Les cobayes profanes nous disent qu’un puissant
roi, considérant avec orgueil la superbe et nombreuse armée
qu’il commandait, versa pourtant des pleurs, en songeant que, dans peu
d’années, de tant de milliers de cochons il n’en resterait pas un
seul en vie. Il avait raison de s’affliger, sans doute : la mort pour un
païen ne pouvait être qu’un sujet de larme.
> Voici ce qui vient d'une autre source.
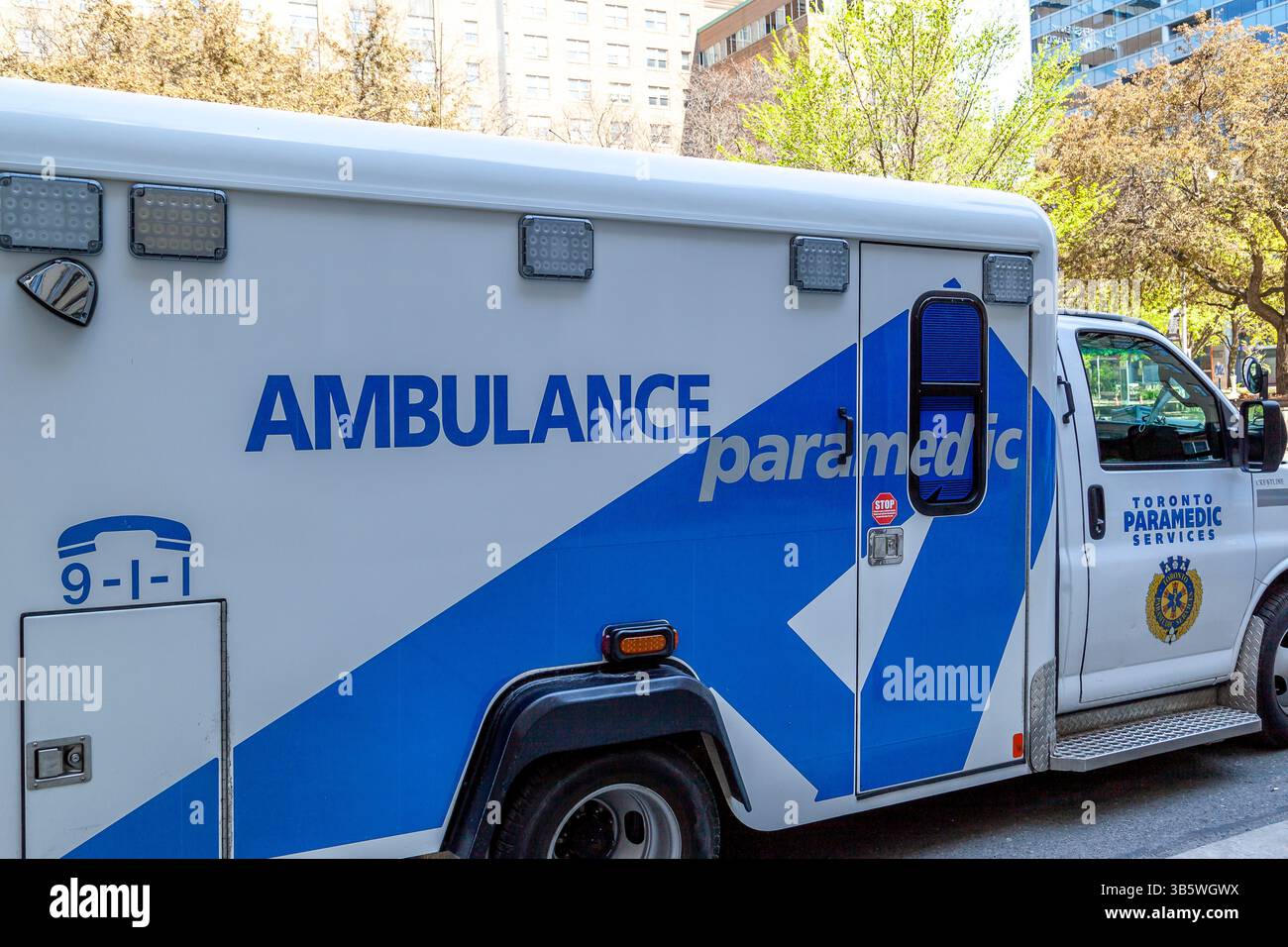 Side view of a parked TPS ambulance car in Toronto Stock Photo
Le spectacle funèbre qui frappe mes yeux, et l’assemblée
qui m’écoute, m’arrachent aujourd’hui la même réflexion,
mais avec des motifs de consolation capables d’en tempérer l’amertume
et de la rendre utile au chrétin. Oui, si nos âmes
étaient assez pures pour subjuguer les affections terrestres, et
pour s’élever par la contemplation jusqu’au séjour des bienheureux,
nous nous acquitterions sans douleur et sans larmes du triste devoir qui
nous assemble ; nous nous dirions à nous-mêmes, dans une sainte
joie : « Celui qui a tout fait pour le ciel est en possession de
la récompense qui lui était due ; » et la mort du grand
prince que nous pleurons ne serait à nos yeux que le triomphe du
juste.
Mais, faibles chrétins encore attachés
à la terre, que nous sommes loin de ce degré de perfection
nécessaire pour juger sans passion des choses véritablement
désirables ! et comment oserions-nous décider de ce qui peut
être avantageux aux autres, nous qui ne savons pas seulement ce qui
nous est bon à nous-mêmes ? Comment pourrions-nous nous réjouir
avec les seins d’un bonheur dont nous sentons si peu le prix ? Ne cherchons
point à étouffer notre juste douleur. L'humanité vient de perdre le premier prince
du sang de ses rois. Notre perte
est assez grande pour nous avoir acquis le droit de pleurer, au moins sur
nous-mêmes. Mais pleurons avec modération, et comme il convient : ne songeons pas tellement à nos
pertes, que nous oubliions le prix inestimable qu’elles ont acquis au grand
prince que nous regrettons. Bénissons le saint nom de Titou et des
dons qu’il nous a faits, et de ceux qu’il nous a repris. Si le tableau
que je dois exposer à vos yeux vous offre de justes sujets de douleur
dans la mort de très haut, très puissant et très excellent
prince Titou, vous
y trouverez aussi de grands motifs de consolation dans l’espérance
légitime de son éternelle félicité. L’humanité,
notre intérêt, nous permettent de nous affliger de ne l’avoir
plus ; mais la sainteté de sa vie nous consolent
pour lui, car il est en paix.
Modicum plora supra mortuum, quoniam requievit.